Im wahrsten Sinne des Wortes. Wir fuhren am Samstag eigentlich nur ins Feinkostgeschäft, um feinstes Frühlingsgrün zu ergattern, das Wetter lud praktisch dazu ein, da erspähte Herr H. ein Stückchen Filet vom Duroc-Schwein, dass bereits an die Grenzen seiner Haltbarkeit zu stoßen begann. Er konnte nicht anders, er musste es einfach „retten“. Erst an der Kasse bemerkte ich seinen Fund und rollte demonstrativ mit den Augen. Er legte das gute Stück resolut auf das Band und zischte nur „Vakuumierer“. Auf dem Rückweg erklärte er, wir könnten doch nur ein kleines Stückchen direkt zubereiten und den Rest den immer noch überschaubar gelisteten Beständen zufügen. Sicher verschweißt würde er garantiert noch ein Weilchen halten und wir hätten ein herrliches Sonntagsessen. Was sollte ich da noch sagen?
Für die Estragon-Kartoffeln:
- ca. 300 g kleine Kartoffeln, gewaschen (z. B. Drillinge)
- 2 kleine Knoblauchzehen, angedrückt
- einige Zweige Estragon
- einige Butterflöckchen
- Fleur de Sel
Nachdem ich die Kartoffeln trocken getupft hatte, legte ich sie auf ein Stück Alufolie, gab Estragon, Knoblauch und Butter hinzu und bestreute alles mit etwas Fleur de Sel. Dann verschloss ich die Folie fest und legte das Päckchen auf ein Blech in den auf 190°C vorgeheizten Backofen. Nach ca. 40 Minuten waren sie perfekt gegart. Herr H. legte das noch verschlossene Päckchen auf einem Teller beiseite, da der Backofen nun anderweitig gebraucht wurde.

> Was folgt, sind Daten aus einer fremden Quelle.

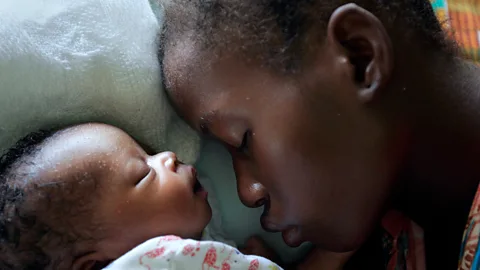 Getty Images In West Africa, 4.1% of births involve a Caesarean section, below the 5% recommended rate by WHO (Credit: Getty Images)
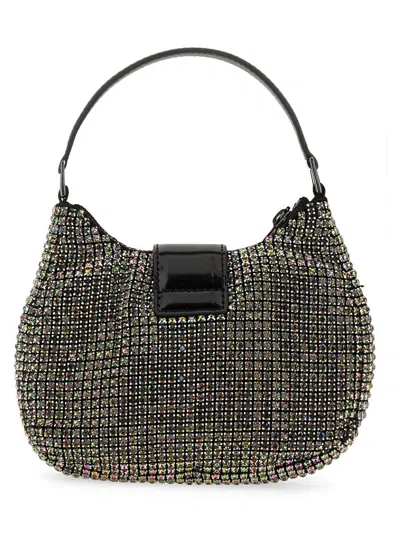 Shop Self-portrait Knitted Bag In Multicolour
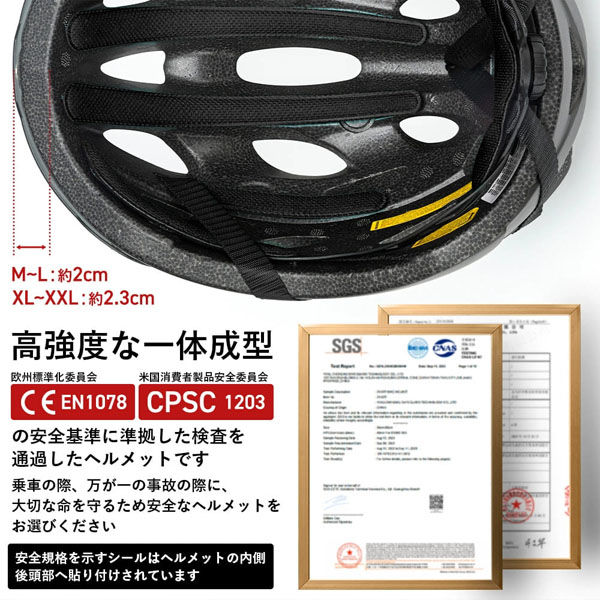 ロックブロス 自転車用サングラス付きヘルメット(TT-16-002 ロックブロス 自転車用サングラス付きヘルメット(TT-16-002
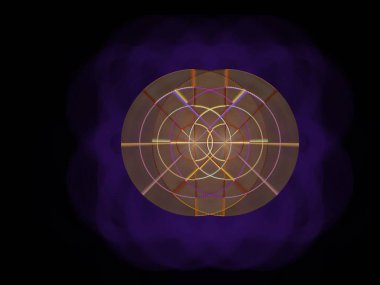 Resimsel fraktal arkaplan oluşturuldu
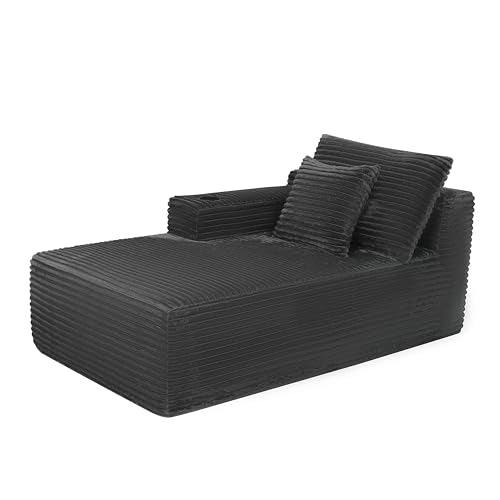 Left Facing Lounge Chaise Single Recliner Daybed Indoor, view 5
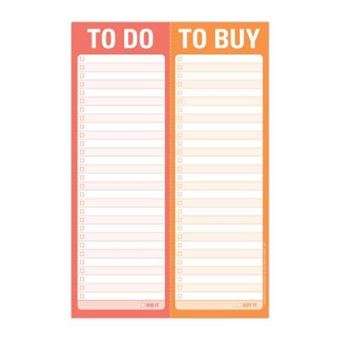 Perf Pad: To Do/To Buy - [Livre En Vo] - 1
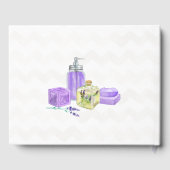 Aquarelllavender Olive Soap Badezimmer Gästebuch (Rückseite)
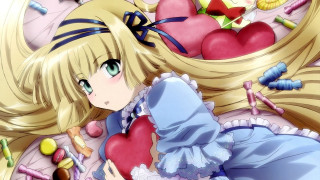 Girl bed heart pillow candy - pillow free wallpaper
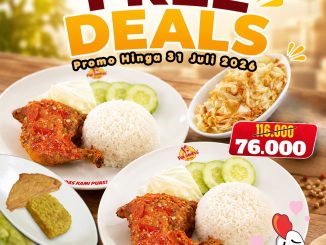 Promo Ayam Gepuk Pak Gembus Free Deals Mulai Rp. 76.000 sampai 31 Juli 2026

Für das Wurzelwerk mit Apfel:
- 1 große Möhre, geschält, in mittelgroße Würfel oder Scheiben geschnitten
- 2 Pastinaken, geschält, in mittelgroße Würfel oder Scheiben geschnitten
- 2 kleine Äpfel (ich hatte gut abgehangene deutsche Breaburns), entkernt, in Spalten geschnitten
- etwas Olivenöl
- Salz, Zucker, etwa 1/2 TL Vanilleessenz
Ich gab die von Herrn H. vorbereiteten Würfel und Spalten in die Auflaufform, beträufelte alles mit etwas Öl, gab Salz, Zucker und Vanilleessenz hinzu und vermengte das Ganze gründlich mit den Händen. Anschließend schob ich die Form für ca. 35 Minuten zu den Kartoffeln. Gegebenenfalls sollte der Gargrad der Möhren getestet werden. Das fertige Gemüse ließ ich abgedeckt auf dem Herd ruhen. Es macht nichts, wenn es dabei abkühlt.
Für die Paprikasauce:
- 1 Schalotte, fein gehackt
- 10 g Butter
- 1/2 TL Harissa
- 1/2 rote Paprika, geschält, fein gewürfelt
- 80 g Noilly Prat
- 1 EL Quittenessig
- 100 g Schweinefond
- 30 g Sahne
- Salz, schwarzer Pfeffer
- 1 knapper TL Pfeilwurzstärke in wenig Wasser gelöst zum Binden, falls gewünscht
Ich schwitzte die Schalotte in der Butter farblos an, gab die Paprika hinzu und ließ sie einige Minuten mitschmurgeln. Dann gab ich die Harissa hinzu, löschte mit Noilly Prat, Essig und Fond an und ließ die Sauce etwa um die Hälfte einkochen. Dann pürierte ich sie, gab sie durch ein feines Sieb zurück in den gesäuberten Topf und ließ sie mit der Sahne erneut aufkochen. Herr H. schmeckte mit Salz und Pfeffer ab und band die Sauce anschließend mit wenig Pfeilwurzstärke. Ich hatte in der Zwischenzeit das leicht gesalzene Schweinfilet allseitig in Bratbutter gebräunt und bei 80°C im Backofen durchziehen lassen, bis seine Kerntemperatur bei ca. 55°C lag. Nun durfte das Filet vor dem Anschneiden noch weitere 10 Minuten bei Raumtemperatur rasten, bevor ich es in Scheiben schnitt und mit Kartoffeln, Sauce und Gemüse auf vorgewärmten Tellern anrichtete.
Fazit: Nachdem ich das erste Stückchen des Filets gekostet hatte, musste ich Herrn H. direkt für seine „Eingebung“ danken. Das Fleisch war unglaublich zart, saftig und sehr aromatisch. Das wohl beste Schweinefilet, das ich je kosten durfte (und Filet kommt im Hause H. eher selten auf den Tisch). Die leicht fruchtig-scharfe Paprikasauce, die gekräuterten Kartoffeln und das apfelige Wurzelwerk begleiteten es auf jeden Fall vortrefflich. Von den 300 g Filet blieb tatsächlich kein Fitzelchen übrig und ich fürchte, in den nächsten Tagen wird es hier wieder etwas „gemüsiger“ zugehen. Sehr zum Leidwesen von Herrn H.